One of my first priorities in the Autumn as Natural England’s Acting Director for our species licensing work was to make our licensing data publicly available.
We stopped publishing these a few years ago, as the very low number of page visits that the annual summaries generated did not justify the work required to produce them. Since then however there has been a welcome and very significant increase in the public interest in our licensing work. To respond to that and in the interests of transparency we will now recommence publishing those annual summaries.
A licence may be required when you carry out any work that affects wildlife and its habitat, which might disturb or harm that wildlife. They also sometimes allow for the lethal control such as destroying eggs of species in certain circumstances where there is no alternative and to prevent serious damage to food, protect public health and safety such as aircraft safety at an airport, and preventing disease spread.
They also enable important conservation work to take place that involves handling or disturbing protected species.This important conservation work includes the tracking and ringing of birds such as hen harriers, the reintroduction of species such as beavers in a number of areas across England, white-tailed eagles in the Isle of Wight, and the recent rescuing of curlew eggs from nests near RAF air bases that would normally be destroyed.
Along with the renewed interest in our licensing work, there has also been some criticism about the activities licences are granted for and their impact on wildlife, in particular where animals have to be culled. We take this criticism very seriously. But I’d also like to reassure people that we don’t grant licences lightly. Each application is assessed in the same way and must meet specific criteria before a user is eligible. In determining licence applications, our experts also take full account of the law to ensure the conservation interest of a species are protected.
The licences fall into four main categories:
- European Protected Species mitigation licences, issued to allow otherwise unlawful activities involving species such as great crested newts and bat species, often in association with development activity (often to protect the welfare of the individuals or safeguard local populations).
- Class licences, issued to suitably qualified individuals to carry our otherwise unlawful activities involving protected species under defined circumstances, often on more than one occasion or at more than one location.
- Science and conservation, issued to allow otherwise unlawful activities involving protected species for the purposes of conservation and research. Examples include visiting bird nests as part of conservation research, a recent initiative to save dozens of curlew eggs from RAF airfields, or collecting seeds from a protected plant species as part of a conservation project.
- Species management, issued to allow the disturbance or control of certain species to manage human-wildlife conflicts.
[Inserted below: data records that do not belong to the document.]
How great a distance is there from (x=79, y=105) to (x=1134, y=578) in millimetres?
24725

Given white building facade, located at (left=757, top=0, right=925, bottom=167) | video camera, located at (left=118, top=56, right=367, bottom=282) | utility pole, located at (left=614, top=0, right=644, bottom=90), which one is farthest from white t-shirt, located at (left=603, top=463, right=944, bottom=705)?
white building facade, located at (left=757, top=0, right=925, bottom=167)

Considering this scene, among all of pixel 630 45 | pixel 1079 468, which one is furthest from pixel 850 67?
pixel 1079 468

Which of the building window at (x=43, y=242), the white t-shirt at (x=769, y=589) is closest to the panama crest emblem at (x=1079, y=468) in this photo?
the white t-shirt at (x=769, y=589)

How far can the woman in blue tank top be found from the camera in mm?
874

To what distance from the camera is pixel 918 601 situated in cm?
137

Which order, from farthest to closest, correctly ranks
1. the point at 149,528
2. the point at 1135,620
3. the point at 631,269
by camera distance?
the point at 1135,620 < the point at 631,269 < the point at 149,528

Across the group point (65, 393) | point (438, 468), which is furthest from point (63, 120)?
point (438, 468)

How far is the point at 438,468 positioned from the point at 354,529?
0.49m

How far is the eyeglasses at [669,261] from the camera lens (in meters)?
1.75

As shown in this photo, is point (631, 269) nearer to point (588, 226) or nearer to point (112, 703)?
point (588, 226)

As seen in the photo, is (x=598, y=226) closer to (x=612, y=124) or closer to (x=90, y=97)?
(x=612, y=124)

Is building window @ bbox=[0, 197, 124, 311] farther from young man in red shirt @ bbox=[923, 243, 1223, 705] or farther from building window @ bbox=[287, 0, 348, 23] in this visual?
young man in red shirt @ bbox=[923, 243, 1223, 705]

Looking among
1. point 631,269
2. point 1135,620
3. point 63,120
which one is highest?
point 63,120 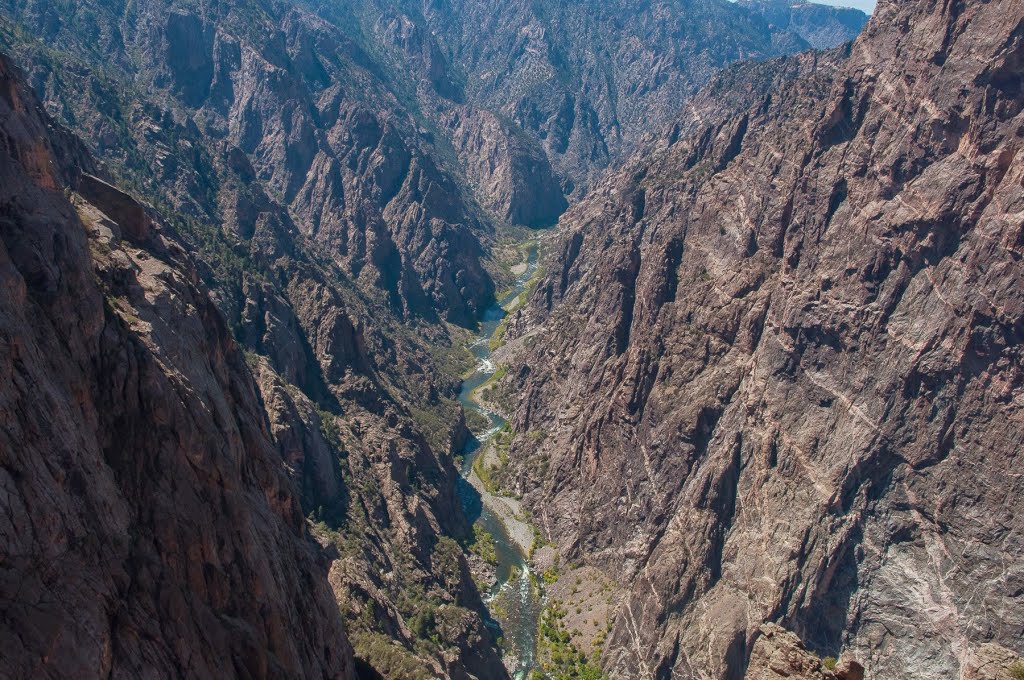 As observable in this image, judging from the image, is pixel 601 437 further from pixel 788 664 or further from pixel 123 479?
pixel 123 479

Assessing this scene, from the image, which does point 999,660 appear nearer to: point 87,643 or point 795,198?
point 87,643

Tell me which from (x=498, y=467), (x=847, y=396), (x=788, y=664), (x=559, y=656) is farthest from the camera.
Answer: (x=498, y=467)

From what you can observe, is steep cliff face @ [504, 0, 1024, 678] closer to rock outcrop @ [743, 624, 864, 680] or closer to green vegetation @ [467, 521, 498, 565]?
green vegetation @ [467, 521, 498, 565]

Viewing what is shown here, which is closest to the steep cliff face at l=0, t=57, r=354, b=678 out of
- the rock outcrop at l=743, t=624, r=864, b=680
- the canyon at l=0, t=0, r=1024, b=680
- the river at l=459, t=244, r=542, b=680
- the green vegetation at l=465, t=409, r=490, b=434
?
the canyon at l=0, t=0, r=1024, b=680

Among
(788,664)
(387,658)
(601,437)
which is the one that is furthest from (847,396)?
(788,664)

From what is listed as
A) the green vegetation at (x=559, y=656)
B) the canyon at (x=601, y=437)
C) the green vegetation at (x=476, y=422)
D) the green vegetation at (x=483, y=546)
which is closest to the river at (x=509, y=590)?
the canyon at (x=601, y=437) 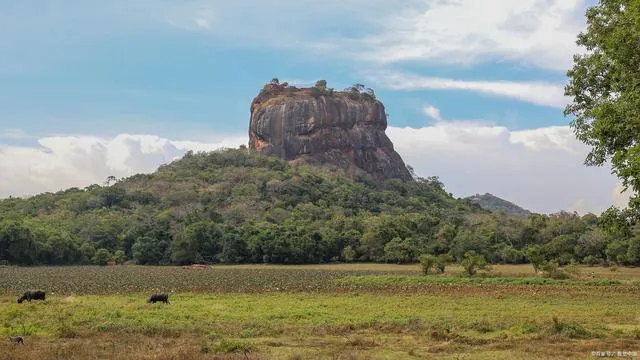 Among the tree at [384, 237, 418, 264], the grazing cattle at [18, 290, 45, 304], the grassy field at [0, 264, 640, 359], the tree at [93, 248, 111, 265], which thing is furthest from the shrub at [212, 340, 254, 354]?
the tree at [93, 248, 111, 265]

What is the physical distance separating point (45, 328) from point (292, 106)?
178 meters

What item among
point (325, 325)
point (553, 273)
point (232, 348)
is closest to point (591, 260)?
point (553, 273)

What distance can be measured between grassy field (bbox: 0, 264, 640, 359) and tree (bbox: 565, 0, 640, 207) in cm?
545

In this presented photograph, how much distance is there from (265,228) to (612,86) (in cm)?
8604

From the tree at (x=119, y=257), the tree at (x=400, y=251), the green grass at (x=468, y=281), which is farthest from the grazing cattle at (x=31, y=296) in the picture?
the tree at (x=119, y=257)

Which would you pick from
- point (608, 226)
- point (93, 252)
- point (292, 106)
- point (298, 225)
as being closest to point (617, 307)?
point (608, 226)

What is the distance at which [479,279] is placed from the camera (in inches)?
2138

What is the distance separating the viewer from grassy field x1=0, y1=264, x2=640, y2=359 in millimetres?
17047

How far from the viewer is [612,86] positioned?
20.6 m

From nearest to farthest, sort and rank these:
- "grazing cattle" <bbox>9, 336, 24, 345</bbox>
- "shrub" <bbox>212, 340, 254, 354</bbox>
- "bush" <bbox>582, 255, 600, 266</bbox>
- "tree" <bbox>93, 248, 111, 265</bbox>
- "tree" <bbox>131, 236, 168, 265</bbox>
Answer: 1. "shrub" <bbox>212, 340, 254, 354</bbox>
2. "grazing cattle" <bbox>9, 336, 24, 345</bbox>
3. "bush" <bbox>582, 255, 600, 266</bbox>
4. "tree" <bbox>93, 248, 111, 265</bbox>
5. "tree" <bbox>131, 236, 168, 265</bbox>

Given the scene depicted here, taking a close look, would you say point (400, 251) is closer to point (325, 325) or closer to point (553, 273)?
point (553, 273)

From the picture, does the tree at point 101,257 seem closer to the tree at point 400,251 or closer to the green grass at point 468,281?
the tree at point 400,251

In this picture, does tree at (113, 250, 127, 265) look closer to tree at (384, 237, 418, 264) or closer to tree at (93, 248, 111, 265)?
tree at (93, 248, 111, 265)

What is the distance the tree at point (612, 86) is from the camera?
1819 centimetres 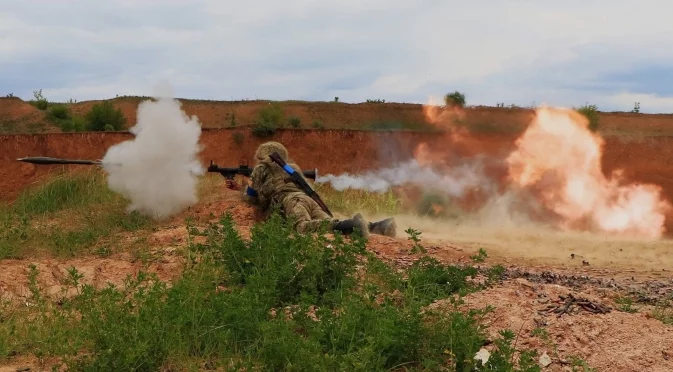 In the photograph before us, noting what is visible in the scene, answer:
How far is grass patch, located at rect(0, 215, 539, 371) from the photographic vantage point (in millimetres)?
5367

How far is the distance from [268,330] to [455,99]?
2655cm

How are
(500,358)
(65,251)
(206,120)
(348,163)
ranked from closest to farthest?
(500,358) → (65,251) → (348,163) → (206,120)

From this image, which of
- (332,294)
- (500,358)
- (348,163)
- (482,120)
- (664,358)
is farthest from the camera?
(348,163)

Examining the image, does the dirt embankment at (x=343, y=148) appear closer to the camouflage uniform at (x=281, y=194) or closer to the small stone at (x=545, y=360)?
the camouflage uniform at (x=281, y=194)

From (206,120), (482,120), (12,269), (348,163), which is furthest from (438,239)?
(206,120)

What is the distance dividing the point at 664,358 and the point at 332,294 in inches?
119

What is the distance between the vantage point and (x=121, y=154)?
45.1ft

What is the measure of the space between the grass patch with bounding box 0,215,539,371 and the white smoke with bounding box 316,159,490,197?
→ 9.99 meters

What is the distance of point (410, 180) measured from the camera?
1942 centimetres

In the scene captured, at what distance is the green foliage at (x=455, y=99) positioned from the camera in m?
30.4

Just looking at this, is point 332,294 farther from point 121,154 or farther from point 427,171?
point 427,171

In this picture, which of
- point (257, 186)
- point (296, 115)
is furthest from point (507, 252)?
point (296, 115)

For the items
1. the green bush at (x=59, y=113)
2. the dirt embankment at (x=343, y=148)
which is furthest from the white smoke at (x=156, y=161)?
the green bush at (x=59, y=113)

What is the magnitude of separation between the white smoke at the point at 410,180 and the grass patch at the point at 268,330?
9992 millimetres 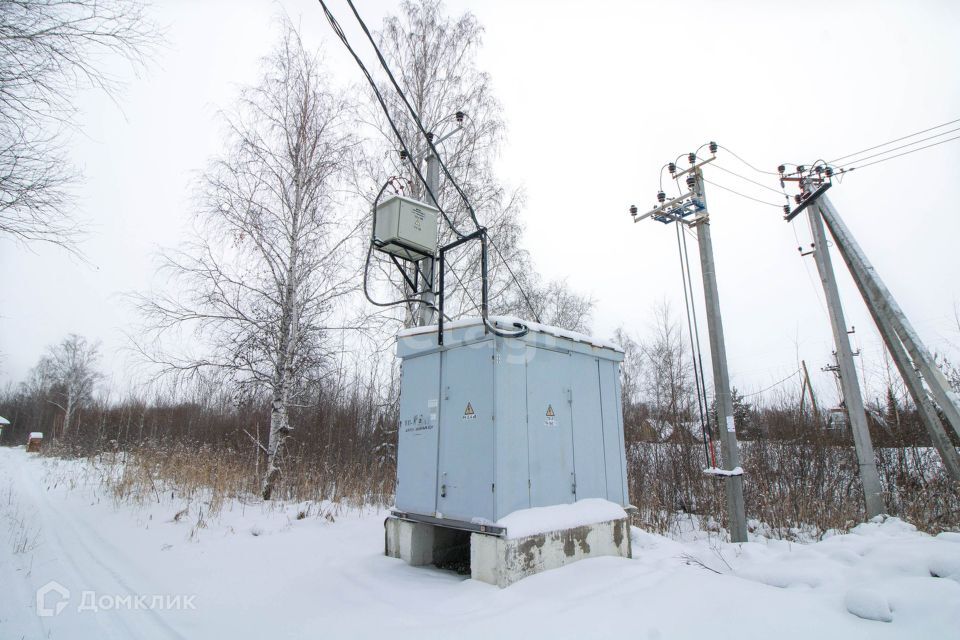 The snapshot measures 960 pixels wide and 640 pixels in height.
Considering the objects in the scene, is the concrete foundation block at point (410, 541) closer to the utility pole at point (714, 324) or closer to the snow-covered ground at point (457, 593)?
the snow-covered ground at point (457, 593)

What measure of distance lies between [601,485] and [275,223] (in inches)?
293

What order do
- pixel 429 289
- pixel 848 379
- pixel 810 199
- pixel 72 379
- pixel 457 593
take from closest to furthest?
pixel 457 593, pixel 429 289, pixel 848 379, pixel 810 199, pixel 72 379

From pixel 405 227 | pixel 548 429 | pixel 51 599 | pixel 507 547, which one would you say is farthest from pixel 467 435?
pixel 51 599

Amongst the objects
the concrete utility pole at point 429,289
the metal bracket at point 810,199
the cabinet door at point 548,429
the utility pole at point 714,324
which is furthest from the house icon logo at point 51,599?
the metal bracket at point 810,199

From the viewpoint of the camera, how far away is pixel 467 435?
13.3ft


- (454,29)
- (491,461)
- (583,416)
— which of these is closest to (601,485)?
(583,416)

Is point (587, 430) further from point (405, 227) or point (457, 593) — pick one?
point (405, 227)

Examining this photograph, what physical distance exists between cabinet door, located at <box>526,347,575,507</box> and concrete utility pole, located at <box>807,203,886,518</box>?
624 cm

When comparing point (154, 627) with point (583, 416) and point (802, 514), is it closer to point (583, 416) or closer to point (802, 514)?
point (583, 416)

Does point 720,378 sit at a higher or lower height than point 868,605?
higher

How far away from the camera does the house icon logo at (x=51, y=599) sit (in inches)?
126

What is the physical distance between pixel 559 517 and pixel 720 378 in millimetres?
3983

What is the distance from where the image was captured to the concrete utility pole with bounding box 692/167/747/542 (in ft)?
20.8

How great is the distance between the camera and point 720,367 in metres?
6.67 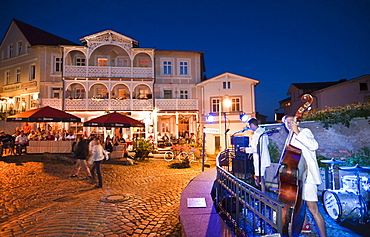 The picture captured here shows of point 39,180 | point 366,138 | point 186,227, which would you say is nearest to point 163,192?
point 186,227

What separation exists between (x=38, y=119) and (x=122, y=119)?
4341 mm

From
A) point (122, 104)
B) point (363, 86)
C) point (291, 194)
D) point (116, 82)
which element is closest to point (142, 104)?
point (122, 104)

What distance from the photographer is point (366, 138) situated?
5.58m

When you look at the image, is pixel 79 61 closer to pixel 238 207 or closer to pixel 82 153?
pixel 82 153

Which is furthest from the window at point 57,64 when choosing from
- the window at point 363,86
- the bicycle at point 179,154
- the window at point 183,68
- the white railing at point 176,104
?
the window at point 363,86

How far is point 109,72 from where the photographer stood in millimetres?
20109

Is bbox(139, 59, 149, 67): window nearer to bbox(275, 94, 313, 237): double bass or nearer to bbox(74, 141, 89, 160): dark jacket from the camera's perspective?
bbox(74, 141, 89, 160): dark jacket

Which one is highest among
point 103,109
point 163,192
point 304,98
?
point 103,109

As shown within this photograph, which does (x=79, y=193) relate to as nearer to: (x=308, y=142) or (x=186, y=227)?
(x=186, y=227)

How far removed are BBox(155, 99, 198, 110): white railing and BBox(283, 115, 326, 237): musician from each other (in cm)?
1770

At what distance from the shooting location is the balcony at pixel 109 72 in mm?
19781

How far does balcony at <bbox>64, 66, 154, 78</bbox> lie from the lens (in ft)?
64.9

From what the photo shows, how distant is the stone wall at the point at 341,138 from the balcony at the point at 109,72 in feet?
53.6

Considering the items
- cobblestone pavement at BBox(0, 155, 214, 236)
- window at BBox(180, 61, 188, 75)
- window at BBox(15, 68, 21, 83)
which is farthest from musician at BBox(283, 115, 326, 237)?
window at BBox(15, 68, 21, 83) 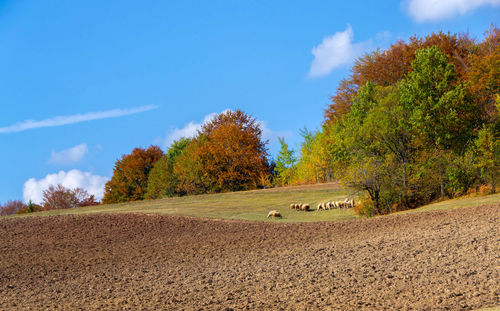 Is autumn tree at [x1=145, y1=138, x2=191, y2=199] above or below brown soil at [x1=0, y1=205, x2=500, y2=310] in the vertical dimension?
above

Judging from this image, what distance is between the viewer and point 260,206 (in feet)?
90.9

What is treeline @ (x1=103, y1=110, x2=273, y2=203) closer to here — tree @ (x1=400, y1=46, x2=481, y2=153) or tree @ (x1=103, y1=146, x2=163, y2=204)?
tree @ (x1=103, y1=146, x2=163, y2=204)

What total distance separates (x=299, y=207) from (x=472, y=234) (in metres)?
12.6

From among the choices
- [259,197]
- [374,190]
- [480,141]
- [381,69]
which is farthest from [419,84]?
[381,69]

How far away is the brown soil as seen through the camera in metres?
9.30

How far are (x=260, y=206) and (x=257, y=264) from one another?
15.0 metres

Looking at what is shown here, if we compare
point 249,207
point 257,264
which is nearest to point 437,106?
point 249,207

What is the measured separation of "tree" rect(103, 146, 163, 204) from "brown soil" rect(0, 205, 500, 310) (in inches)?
1481

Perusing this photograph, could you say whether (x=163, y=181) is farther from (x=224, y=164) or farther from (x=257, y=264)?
(x=257, y=264)

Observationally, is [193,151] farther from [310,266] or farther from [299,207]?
[310,266]

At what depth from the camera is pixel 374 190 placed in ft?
75.7

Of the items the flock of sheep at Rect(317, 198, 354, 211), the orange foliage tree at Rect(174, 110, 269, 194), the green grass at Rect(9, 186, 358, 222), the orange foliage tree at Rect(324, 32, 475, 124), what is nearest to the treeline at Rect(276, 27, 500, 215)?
the flock of sheep at Rect(317, 198, 354, 211)

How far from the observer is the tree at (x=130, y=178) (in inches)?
2280

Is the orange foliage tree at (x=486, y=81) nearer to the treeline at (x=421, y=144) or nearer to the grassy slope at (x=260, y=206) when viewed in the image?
the treeline at (x=421, y=144) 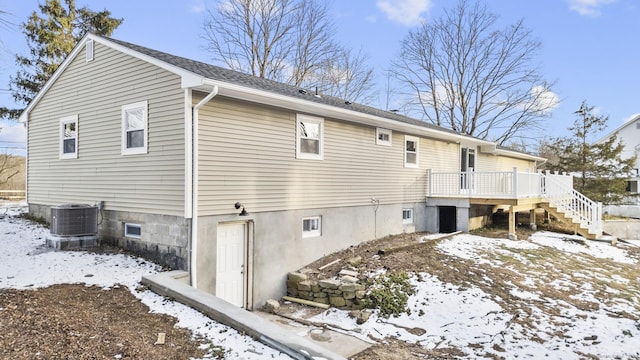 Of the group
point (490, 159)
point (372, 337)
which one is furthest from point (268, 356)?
point (490, 159)

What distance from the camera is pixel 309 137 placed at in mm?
9750

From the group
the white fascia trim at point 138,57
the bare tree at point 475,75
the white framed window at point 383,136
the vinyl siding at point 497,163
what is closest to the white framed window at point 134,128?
the white fascia trim at point 138,57

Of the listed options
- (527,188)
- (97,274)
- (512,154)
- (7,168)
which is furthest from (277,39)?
(97,274)

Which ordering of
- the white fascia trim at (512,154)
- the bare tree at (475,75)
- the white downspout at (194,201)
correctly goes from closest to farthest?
the white downspout at (194,201) < the white fascia trim at (512,154) < the bare tree at (475,75)

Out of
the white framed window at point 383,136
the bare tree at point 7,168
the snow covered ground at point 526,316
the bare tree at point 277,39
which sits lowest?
the snow covered ground at point 526,316

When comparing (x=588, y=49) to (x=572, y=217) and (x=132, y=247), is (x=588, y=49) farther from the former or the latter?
(x=132, y=247)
The summaries do not include licence issued under the Protection of Badgers Act 1992 for the purpose of the prevention of the spread of disease as these are covered in detail elsewhere.
The summaries for 2018 and 2019 illustrate the wide range of our licensing work. We deal with a very diverse group of applicants from ornithological researchers to pest control contractors. We deal with a very diverse group of applicants from ornithological researchers to pest control contractors. Every licence is carefully assessed against our licensing tests by our expert staff before a licence is issued, involving site visits and other evidence gathering in the more complex and unusual cases.
As in previous years, we have authorised the removal of individual birds (or their nests), for example where they are a risk to transport or power supply infrastructure; the shooting of cormorants alongside scaring to protect inland fisheries; and the removal of birds that are presenting a risk to aircraft safety at an airport.